__Provided records__:
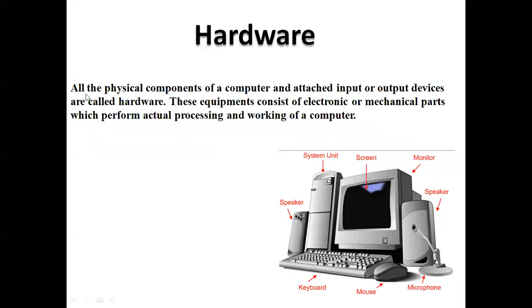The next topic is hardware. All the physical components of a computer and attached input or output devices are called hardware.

...

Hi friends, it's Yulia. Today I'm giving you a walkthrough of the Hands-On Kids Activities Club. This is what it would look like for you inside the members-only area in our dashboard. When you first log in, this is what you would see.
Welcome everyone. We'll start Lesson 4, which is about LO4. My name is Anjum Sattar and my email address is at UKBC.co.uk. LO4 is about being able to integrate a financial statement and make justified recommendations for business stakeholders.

--

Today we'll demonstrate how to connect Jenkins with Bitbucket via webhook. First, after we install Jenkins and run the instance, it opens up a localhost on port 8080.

__Required action__:
Please make an exact copy of the lines above from the line with "Hi friends, it's" through the line with "Welcome everyone. We'll", both ends included.

__Task output__:
Hi friends, it's Yulia. Today I'm giving you a walkthrough of the Hands-On Kids Activities Club. This is what it would look like for you inside the members-only area in our dashboard. When you first log in, this is what you would see.
Welcome everyone. We'll start Lesson 4, which is about LO4. My name is Anjum Sattar and my email address is at UKBC.co.uk. LO4 is about being able to integrate a financial statement and make justified recommendations for business stakeholders.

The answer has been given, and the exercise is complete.